The wisdom bestowed by four ravens and a wrapper
The world is a great classroom if you leave yourself open to its lessons. I, for one, have learned the most fascinating things from everyday observations that might have gone unnoticed had it not been for my insatiable curiosity that's both a gift and a hindrance.
Most people tend to anthropomorphize animals to some degree. That's a big word that means assigning human traits to nonhumans. I am guilty of it more than most. I have witnessed philosophical discussions between dogs, theological debates among cats, and domestic arguments between fish - all of them played out in the flatlands of my own imagination.
It amuses me to think of animals having the same ups and downs as the average person and to create dialogue for them to negotiate the web of life. And every now and then, I realize that there really is a lesson being offered by our furry and feathered friends.
I was sitting on a dock in Canada waiting for a ferryboat when a raven landed on the beach. In British Columbia, ravens have great social significance. The indigenous tribes of this area believe the first man was created when native animals came together and took on human form. Animals then became the spiritual guardians of the people they sent forth and thus created the clan system still in existence today. One of those major clans is the Raven. Northwest mythology is full of stories of the raven. He is the trickster, a shape shifter who steals light from the moon and rays from the sun. He is also known as a messenger.
A native shaman once told me a raven never approaches a person unless to impart a lesson or warning. This may be superstition, but wishing to believe, I took notice when one landed in front of me.
Ravens are very smart, and this one began turning over rocks looking for a lunch of hermit crabs. He quickly found what looked like a foil candy wrapper. Nothing so shiny will escape a raven's attention, and he was soon tossing it around and inspecting it from every angle. He had himself a great treasure and forgot all about hunting for crabs. While this was going on, another raven landed and a drama began to unfold.
The second raven wanted the wrapper but feigned indifference while the first raven teased him with it. This went on for a minute, during which time I assigned a dialogue to the participants:
"I'll give you two rocks for that shiny thing!"
"What, this? You know it's worth at least a clam!"
So it went back and forth with much cawing and head bobbing. Fortunately, a third raven landed to interrupt my fantasy and begin a life lesson.

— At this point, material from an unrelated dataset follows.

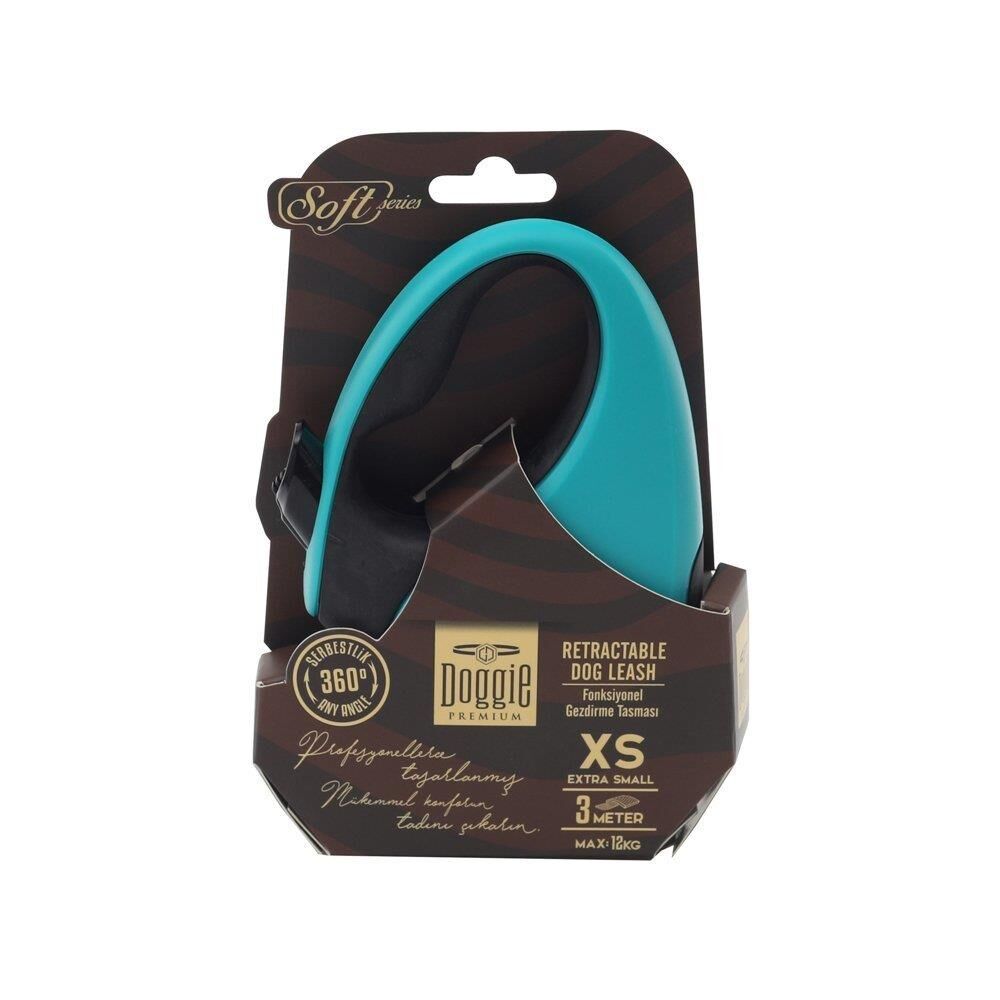 Doggie Otomatik Uzatma Tasması Soft Seri Mavi 12Kg/3Mt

While the first two argued over ownership of the wrapper, the third one circled, waiting for the right moment to move in and steal it. The three ravens were circling each other and making quite a racket when a fourth landed and made off with the wrapper before any of them could make a move. The fourth raven disappeared in the blink of an eye.
With nothing left to fight over, the second and third ravens took off, leaving the original beachcomber by himself. This one returned to his scavenging and soon had a crab in his beak.
A minute later the thief returned and laid the wrapper between himself and the first raven. They stood perfectly still, staring at each other, and I swear they both looked at me.
The first raven was so happy to get his wrapper back that he let the fourth one take the crab and fly away. When I finally left, the first raven was happily tossing his wrapper in the air.
All of this took place in about five minutes, but I thought about it for the rest of the day. That evening, alone in my room, I had another anthropomorphic moment and decided to put it all together and find a lesson.
What I came up with is this: First, not everything we think we want has value. Second, there is very little in life worth fighting over. Third, when you give something freely, from the heart, you will most likely get more back in return. And finally, sometimes the tiniest things can make us happy if we just let them.